Empreinte digitale, 2002.
CD1 / Chants de l’Atlas
CD2 / Chants archaïques de la Alberca
CD3 / Incantations, méditations, danses sacrées berbères
CD4 / Chants berbères de la meule et du berceau
CD5 / Concert au théâtre de la ville (Paris, 1975)
Taos, la « clairchantante », peut enfin continuer à se faire
entendre : le label Empreinte digitale propose une réédition
de tous ses anciens vinyles sous la forme de cinq cédés, accompagnés
d’un livret qui reprend les textes essentiels qui ont accompagné sa
carrière. Ainsi la mission qu’elle avait choisie est accomplie,
puisqu’elle voulait perpétuer la tradition orale des chants berbères.
Cette femme née en 1913 n’aura vécu que pour transmettre la culture
kabyle à travers ses romans comme à travers ces chants que son frère
Jean (dit « El-Mouhouv Le-prestigieux ») avait collectés et
transcrits. Le vaste répertoire qui nous est ici présenté semble
puiser aux mêmes thèmes que ceux que l’on retrouve dans son œuvre
d’écrivain : l’amour malheureux et l’exil. Comme si l’exil pour le
Kabyle faisait partie d’une réalité ancestrale bien antérieure à
l’émigration vers la France. Mais qu’elle fasse revivre le travail des
femmes à la meule ou les cortèges de noces, les mélopées anciennes ou
les chants satiriques, les danses sacrées berbères ou les chants
populaires archaïques recueillis au Sud de l’Espagne, en Estremadure ,
l’auditeur demeure bouleversé par cette voix pathétique et grave qui
conserve son pouvoir incantatoire à travers les ans (les
enregistrements remontent de 1966 à 1975). Cet aspect magique de sa
voix se traduit par exemple par de longues tenues de sons suivis d’une
petite note ajoutée ou par des fluctuations de tempo ou des nuances
inattendues, des pianissimi soudains, des ornementations
originales.
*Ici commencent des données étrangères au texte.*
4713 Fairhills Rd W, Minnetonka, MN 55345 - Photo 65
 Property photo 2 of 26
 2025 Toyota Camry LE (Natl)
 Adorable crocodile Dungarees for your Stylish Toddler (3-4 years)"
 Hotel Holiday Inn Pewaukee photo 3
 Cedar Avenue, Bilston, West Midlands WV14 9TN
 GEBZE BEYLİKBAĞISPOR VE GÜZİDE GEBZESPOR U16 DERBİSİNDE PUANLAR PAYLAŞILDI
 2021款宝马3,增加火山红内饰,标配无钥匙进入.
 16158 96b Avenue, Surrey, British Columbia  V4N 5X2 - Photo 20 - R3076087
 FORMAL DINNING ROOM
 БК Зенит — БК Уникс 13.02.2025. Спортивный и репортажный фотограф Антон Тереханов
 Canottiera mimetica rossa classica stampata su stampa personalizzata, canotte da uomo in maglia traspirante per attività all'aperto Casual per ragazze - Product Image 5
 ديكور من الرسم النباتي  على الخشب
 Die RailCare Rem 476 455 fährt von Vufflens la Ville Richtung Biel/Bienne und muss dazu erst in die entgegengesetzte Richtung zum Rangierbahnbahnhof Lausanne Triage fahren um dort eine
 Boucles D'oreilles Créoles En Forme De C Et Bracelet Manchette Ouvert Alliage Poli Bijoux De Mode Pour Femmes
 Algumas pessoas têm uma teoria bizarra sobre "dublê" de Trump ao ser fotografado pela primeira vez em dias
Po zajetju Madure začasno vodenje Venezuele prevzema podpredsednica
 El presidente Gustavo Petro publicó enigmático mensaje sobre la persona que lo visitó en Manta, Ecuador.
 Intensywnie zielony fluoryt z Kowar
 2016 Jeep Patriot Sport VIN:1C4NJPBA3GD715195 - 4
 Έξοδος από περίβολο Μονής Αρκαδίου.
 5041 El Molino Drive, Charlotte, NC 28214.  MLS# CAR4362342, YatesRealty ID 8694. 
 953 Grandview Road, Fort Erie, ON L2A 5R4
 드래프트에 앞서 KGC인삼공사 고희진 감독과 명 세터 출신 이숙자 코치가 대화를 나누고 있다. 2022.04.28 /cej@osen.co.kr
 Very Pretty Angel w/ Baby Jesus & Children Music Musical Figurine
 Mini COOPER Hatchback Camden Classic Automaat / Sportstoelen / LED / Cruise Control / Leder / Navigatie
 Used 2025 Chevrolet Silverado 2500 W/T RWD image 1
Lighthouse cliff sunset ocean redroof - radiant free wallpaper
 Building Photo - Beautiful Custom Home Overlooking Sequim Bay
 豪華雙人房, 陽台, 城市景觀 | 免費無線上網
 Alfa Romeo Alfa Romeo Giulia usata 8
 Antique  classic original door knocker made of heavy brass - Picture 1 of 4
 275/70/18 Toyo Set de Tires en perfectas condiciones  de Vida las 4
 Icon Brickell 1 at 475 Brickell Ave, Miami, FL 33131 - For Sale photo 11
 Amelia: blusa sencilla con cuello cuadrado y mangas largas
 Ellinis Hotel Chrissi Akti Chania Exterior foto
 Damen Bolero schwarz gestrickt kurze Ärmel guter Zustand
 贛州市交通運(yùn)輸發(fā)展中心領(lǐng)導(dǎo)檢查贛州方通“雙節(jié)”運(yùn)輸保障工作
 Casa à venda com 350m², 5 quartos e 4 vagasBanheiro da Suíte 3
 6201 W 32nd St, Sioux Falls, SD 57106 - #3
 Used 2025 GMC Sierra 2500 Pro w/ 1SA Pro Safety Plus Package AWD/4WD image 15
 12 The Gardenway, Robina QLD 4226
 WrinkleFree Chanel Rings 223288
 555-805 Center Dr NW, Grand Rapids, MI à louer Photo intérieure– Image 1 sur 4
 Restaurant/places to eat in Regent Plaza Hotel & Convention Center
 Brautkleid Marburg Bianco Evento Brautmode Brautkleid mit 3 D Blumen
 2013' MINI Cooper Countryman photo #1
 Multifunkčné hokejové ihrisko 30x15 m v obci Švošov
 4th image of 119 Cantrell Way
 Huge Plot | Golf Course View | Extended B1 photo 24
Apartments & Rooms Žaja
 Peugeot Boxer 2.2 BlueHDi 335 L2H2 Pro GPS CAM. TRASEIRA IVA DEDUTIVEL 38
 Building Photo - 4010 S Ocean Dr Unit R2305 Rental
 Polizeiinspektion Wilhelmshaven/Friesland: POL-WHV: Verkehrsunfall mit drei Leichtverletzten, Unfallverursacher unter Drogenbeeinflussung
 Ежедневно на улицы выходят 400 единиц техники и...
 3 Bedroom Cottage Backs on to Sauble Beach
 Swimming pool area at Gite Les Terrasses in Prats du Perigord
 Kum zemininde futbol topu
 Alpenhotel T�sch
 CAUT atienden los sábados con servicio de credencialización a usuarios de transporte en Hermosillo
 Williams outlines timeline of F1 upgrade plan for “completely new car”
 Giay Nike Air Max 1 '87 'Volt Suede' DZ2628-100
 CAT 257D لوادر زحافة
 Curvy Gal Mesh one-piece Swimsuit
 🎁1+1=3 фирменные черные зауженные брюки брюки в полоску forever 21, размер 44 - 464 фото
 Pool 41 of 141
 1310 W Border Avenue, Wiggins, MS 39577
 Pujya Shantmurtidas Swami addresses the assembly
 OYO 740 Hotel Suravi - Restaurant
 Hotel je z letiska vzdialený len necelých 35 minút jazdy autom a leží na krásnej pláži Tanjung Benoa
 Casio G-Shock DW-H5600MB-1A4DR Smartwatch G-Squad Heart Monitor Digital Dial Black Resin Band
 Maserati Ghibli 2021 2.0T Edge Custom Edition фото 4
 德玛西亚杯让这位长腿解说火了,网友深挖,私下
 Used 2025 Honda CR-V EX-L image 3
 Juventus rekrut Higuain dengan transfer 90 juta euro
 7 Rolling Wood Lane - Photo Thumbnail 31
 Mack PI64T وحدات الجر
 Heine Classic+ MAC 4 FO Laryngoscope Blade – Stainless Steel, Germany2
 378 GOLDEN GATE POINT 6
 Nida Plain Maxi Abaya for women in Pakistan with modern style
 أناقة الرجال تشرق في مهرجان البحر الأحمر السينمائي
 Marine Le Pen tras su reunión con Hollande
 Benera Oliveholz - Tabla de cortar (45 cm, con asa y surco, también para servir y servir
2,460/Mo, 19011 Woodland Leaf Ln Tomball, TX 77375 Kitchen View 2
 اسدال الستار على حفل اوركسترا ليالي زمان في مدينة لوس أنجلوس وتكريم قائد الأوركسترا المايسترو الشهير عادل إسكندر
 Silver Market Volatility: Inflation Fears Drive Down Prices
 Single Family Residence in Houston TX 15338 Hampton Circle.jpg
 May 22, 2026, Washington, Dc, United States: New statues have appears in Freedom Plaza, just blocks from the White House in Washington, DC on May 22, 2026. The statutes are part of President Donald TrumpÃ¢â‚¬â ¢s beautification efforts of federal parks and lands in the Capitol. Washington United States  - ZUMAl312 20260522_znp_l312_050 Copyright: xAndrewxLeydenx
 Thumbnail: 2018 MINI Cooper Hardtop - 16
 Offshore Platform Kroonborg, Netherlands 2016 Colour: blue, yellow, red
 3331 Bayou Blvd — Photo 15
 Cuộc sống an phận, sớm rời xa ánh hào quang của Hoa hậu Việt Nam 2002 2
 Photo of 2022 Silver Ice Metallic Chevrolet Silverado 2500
Il ne sert à rien d’ailleurs d’essayer d’expliquer cette
voix étrange et belle, pleine de graves qui s’envole pourtant avec
aisance dans l’aigu : elle plonge ses racines dans les cimes du
Djurdjura et à travers elle on entend la mère Fathma, la grand-mère
Aïni et toute une lignée de femmes berbères Le livret, illustré de
photographies en noir et blanc, nous offre à lire non seulement les
textes qui présentaient les vinyles mais aussi une introduction
originale, une discographie, une filmographie, une bibliographie et
une trentaine d’extraits de lettres ou d’articles qui sont autant
d’hommages et de témoignages sur cette femme qu’André Breton comparait
à la reine Néfertiti.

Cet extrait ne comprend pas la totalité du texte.